→ Goal of the exercise:
Each line in the material below, starting at the one that contains "Adidas A2021 Men's Golf Tapered Pants view 2" and ending at the one that contains "- www.newkick.vip Air", should be repeated exactly; the pictures should not.

→ Material for this exercise:
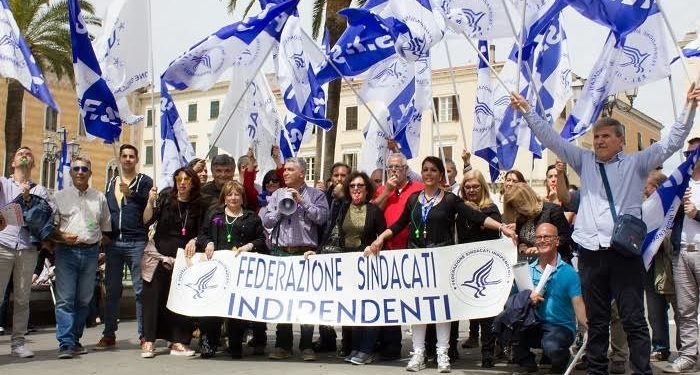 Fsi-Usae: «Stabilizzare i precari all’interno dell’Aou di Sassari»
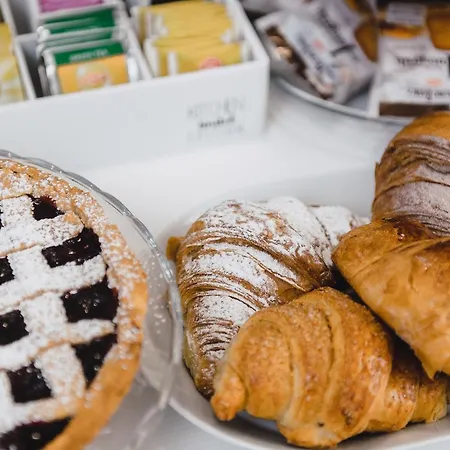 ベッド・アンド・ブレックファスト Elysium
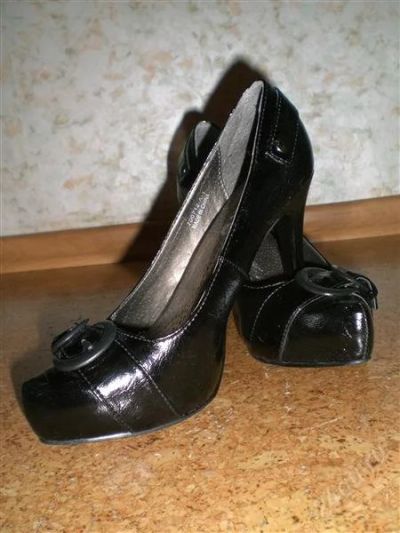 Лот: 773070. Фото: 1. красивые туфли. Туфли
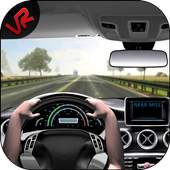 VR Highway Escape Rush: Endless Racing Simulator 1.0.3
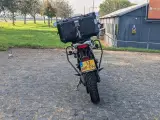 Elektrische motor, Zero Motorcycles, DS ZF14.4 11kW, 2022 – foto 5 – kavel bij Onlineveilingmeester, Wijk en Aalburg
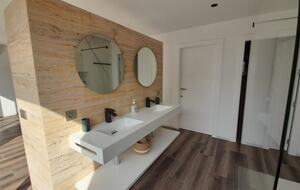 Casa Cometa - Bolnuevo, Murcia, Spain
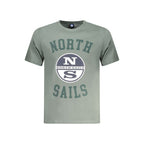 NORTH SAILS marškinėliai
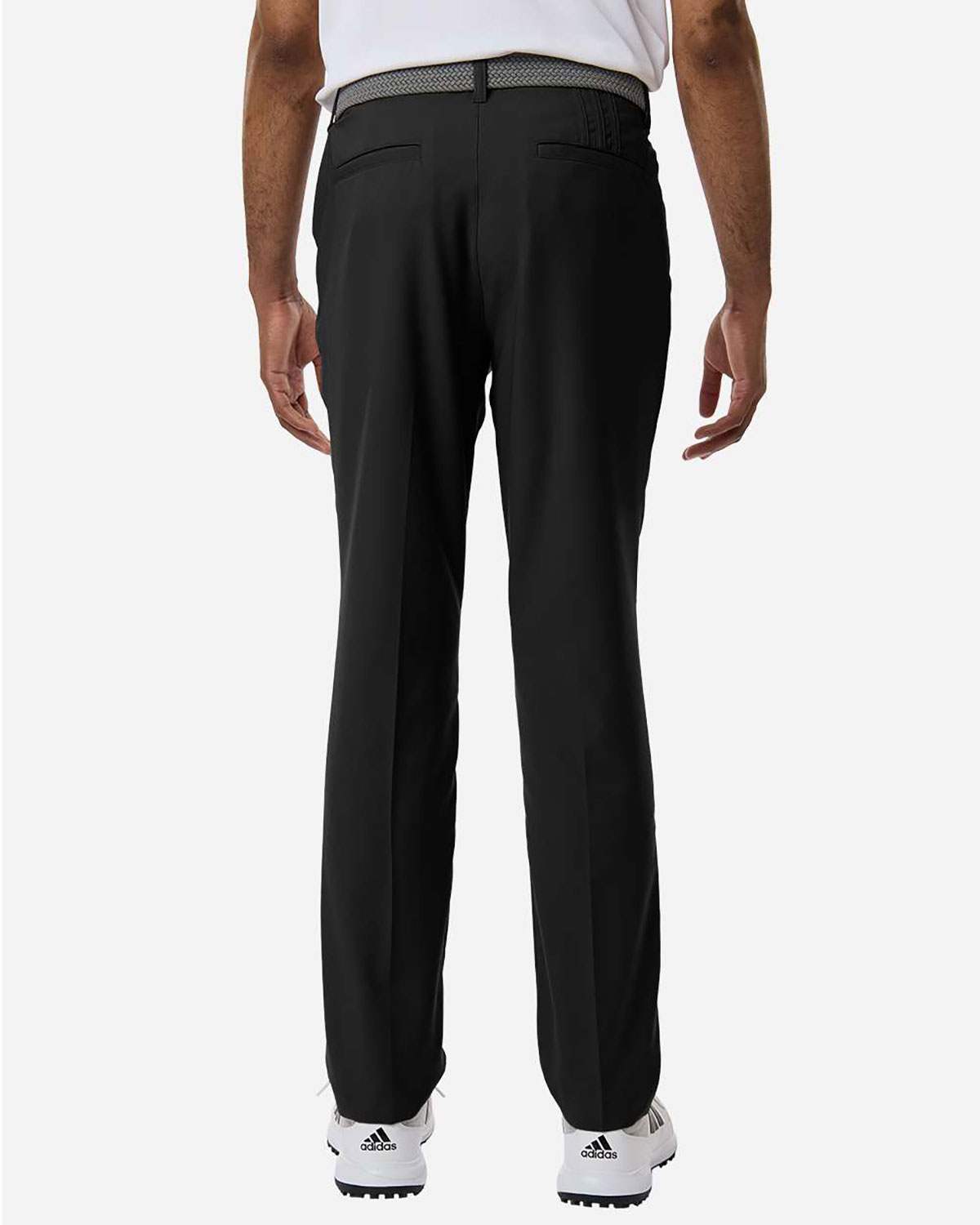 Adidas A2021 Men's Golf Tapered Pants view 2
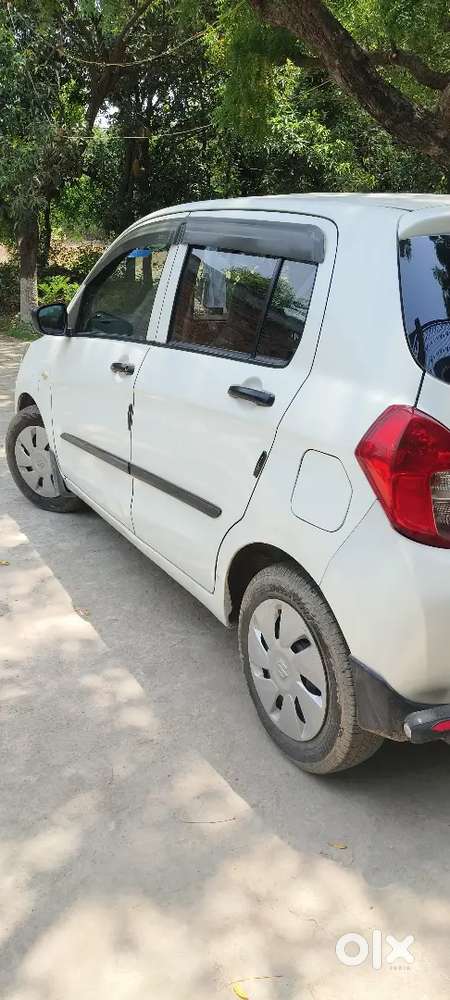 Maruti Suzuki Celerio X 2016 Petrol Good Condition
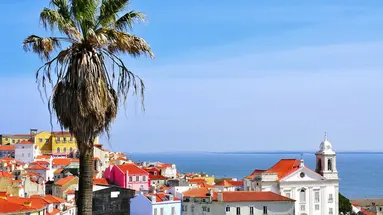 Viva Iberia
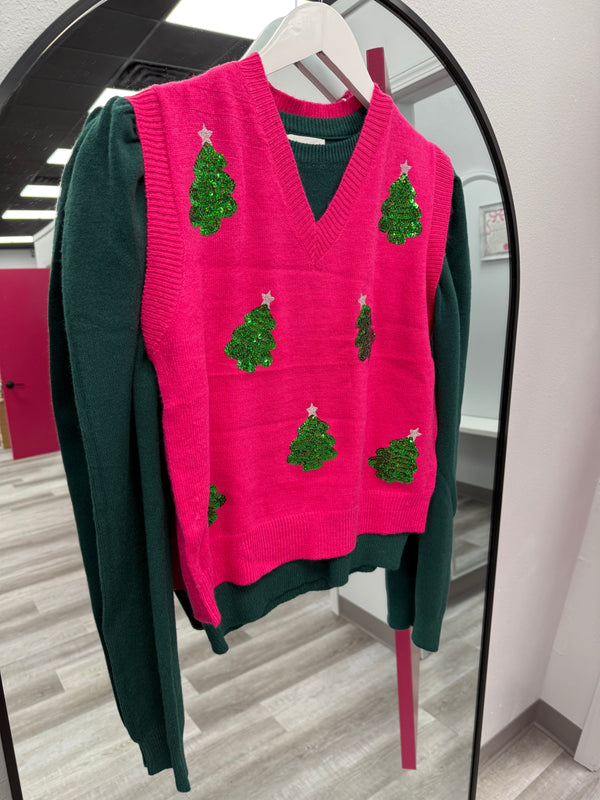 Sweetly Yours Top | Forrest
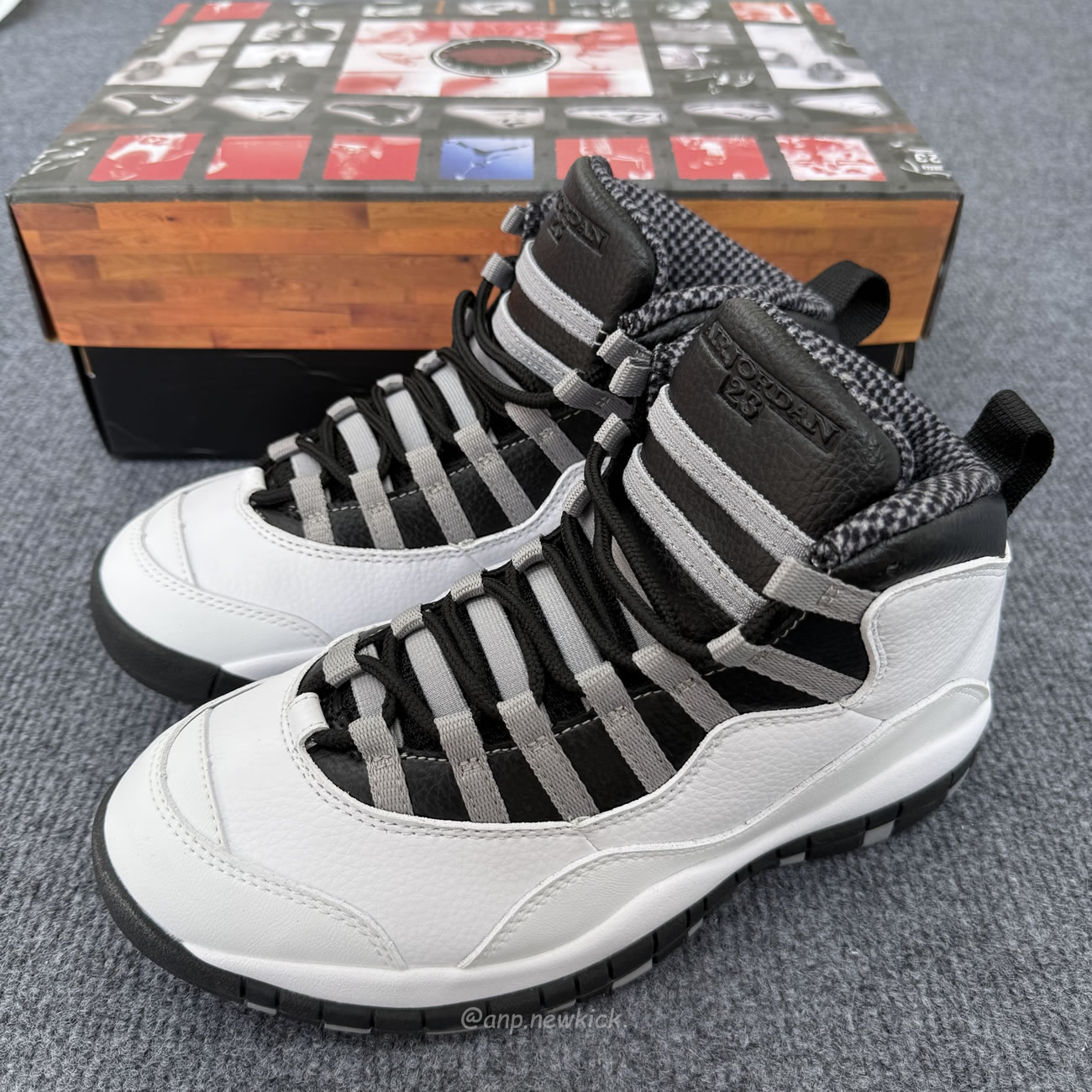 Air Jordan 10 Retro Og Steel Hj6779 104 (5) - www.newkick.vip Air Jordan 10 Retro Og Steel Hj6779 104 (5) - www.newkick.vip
...
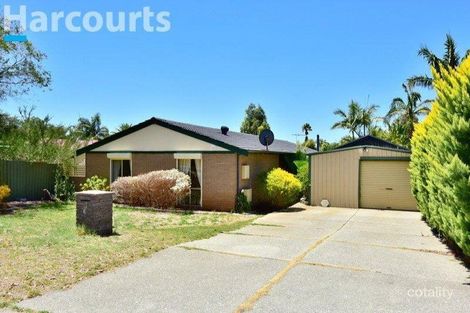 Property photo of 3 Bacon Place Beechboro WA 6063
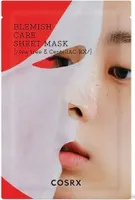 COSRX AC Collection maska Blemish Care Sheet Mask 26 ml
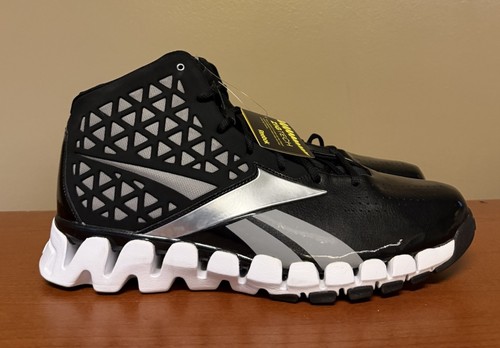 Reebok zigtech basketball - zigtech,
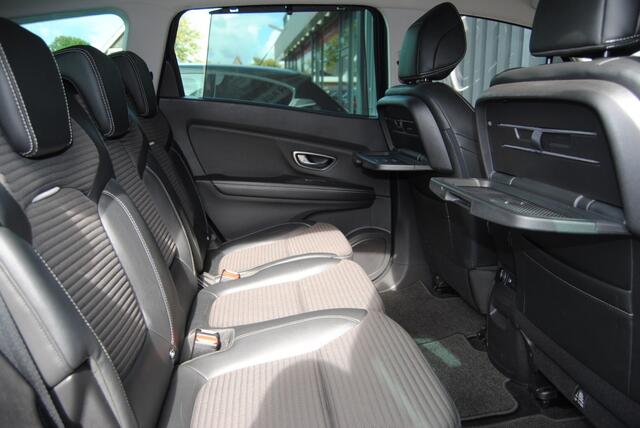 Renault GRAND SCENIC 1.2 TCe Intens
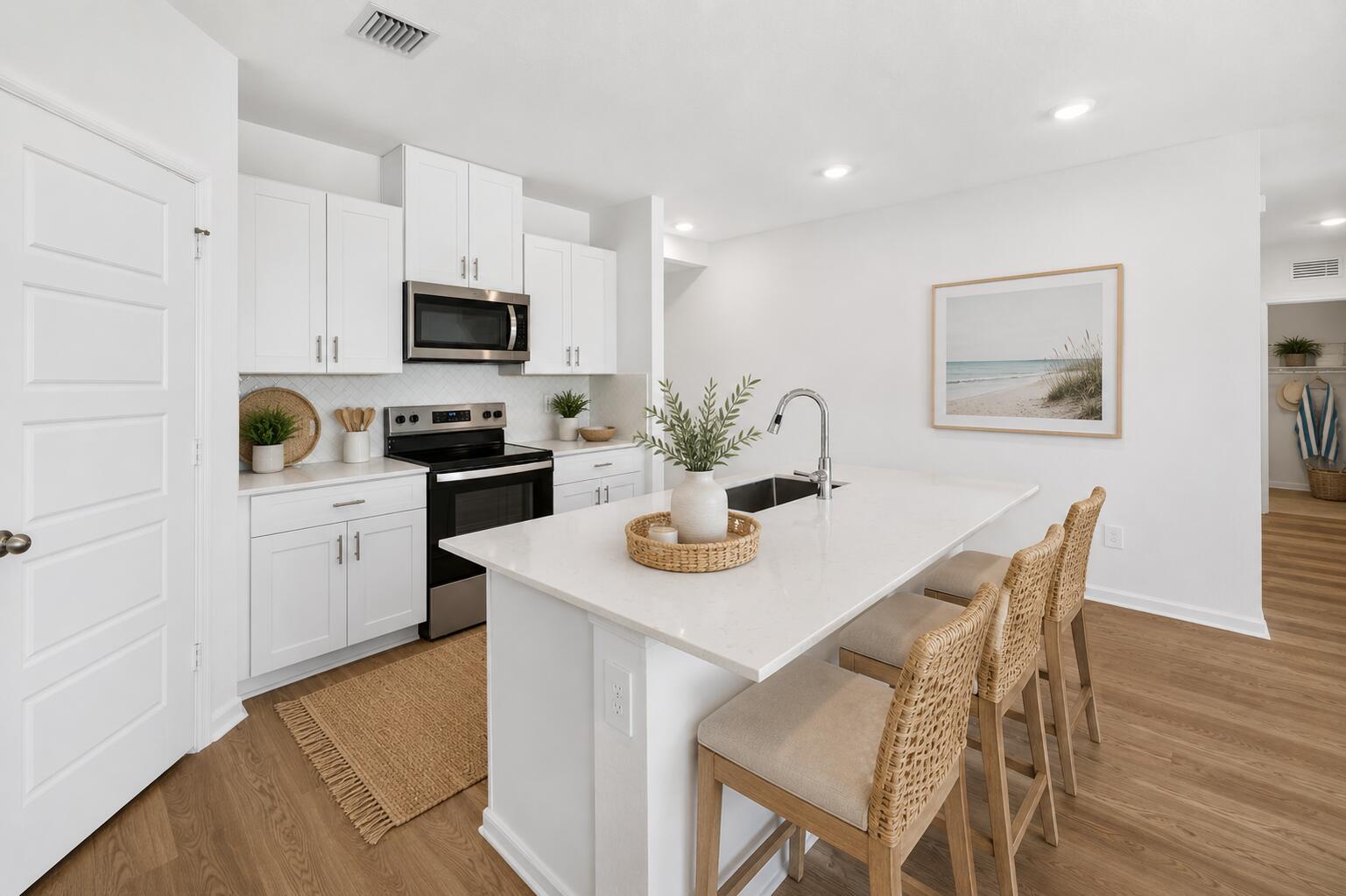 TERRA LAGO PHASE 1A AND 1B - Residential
* * *
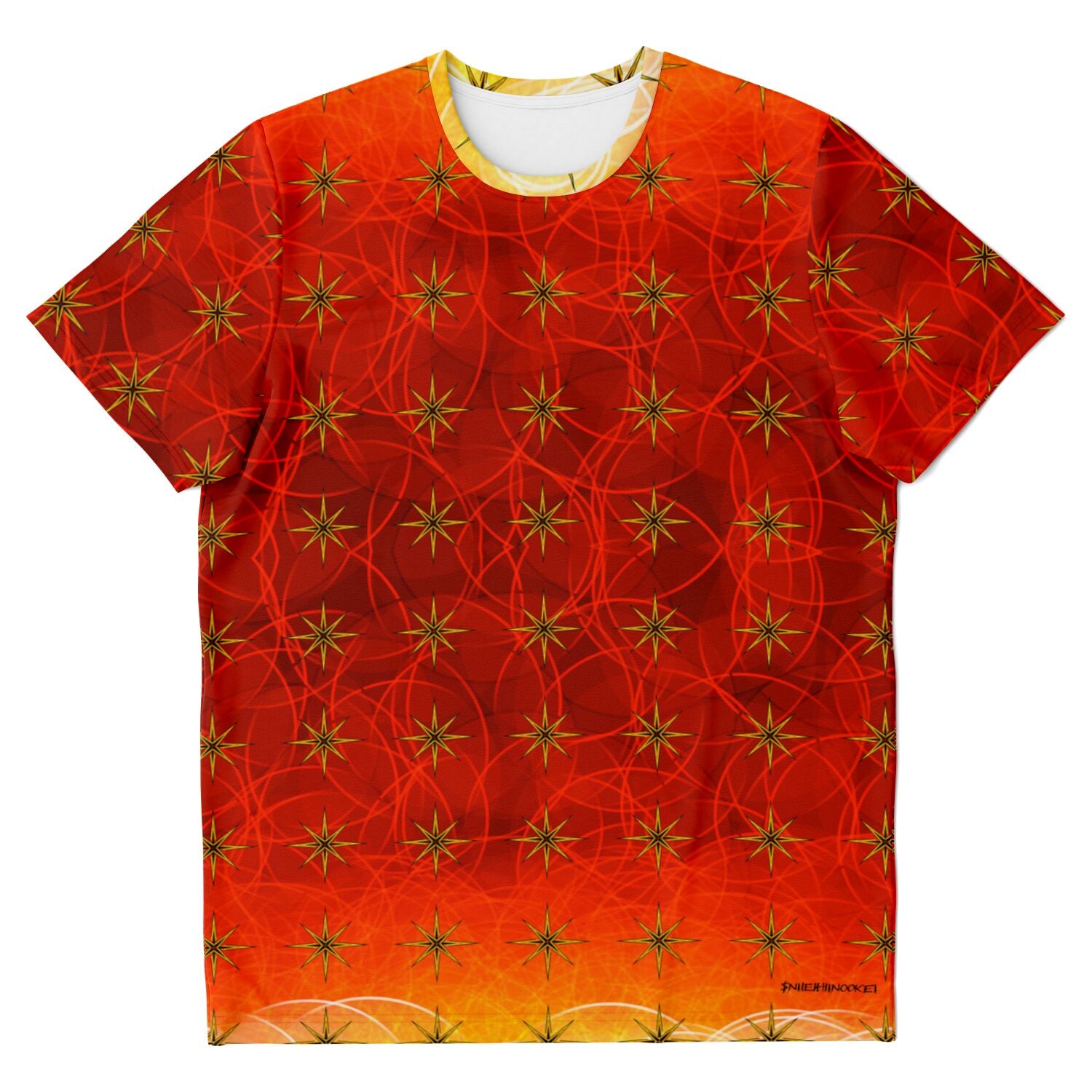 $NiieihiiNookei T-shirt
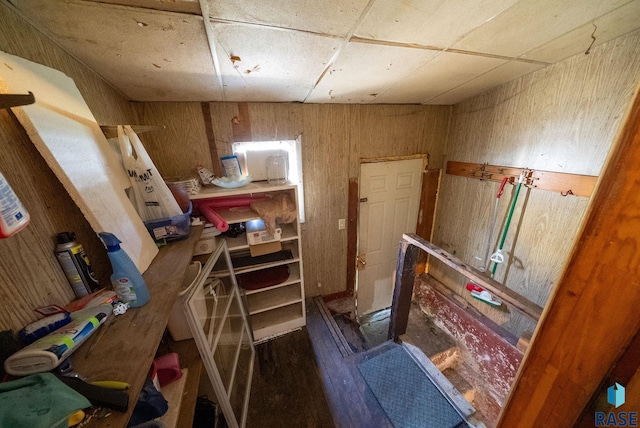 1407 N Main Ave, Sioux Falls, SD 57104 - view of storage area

→ Solution to this task:
 Adidas A2021 Men's Golf Tapered Pants view 2
 Maruti Suzuki Celerio X 2016 Petrol Good Condition
 Viva Iberia
 Sweetly Yours Top | Forrest
 Air Jordan 10 Retro Og Steel Hj6779 104 (5) - www.newkick.vip Air Jordan 10 Retro Og Steel Hj6779 104 (5) - www.newkick.vip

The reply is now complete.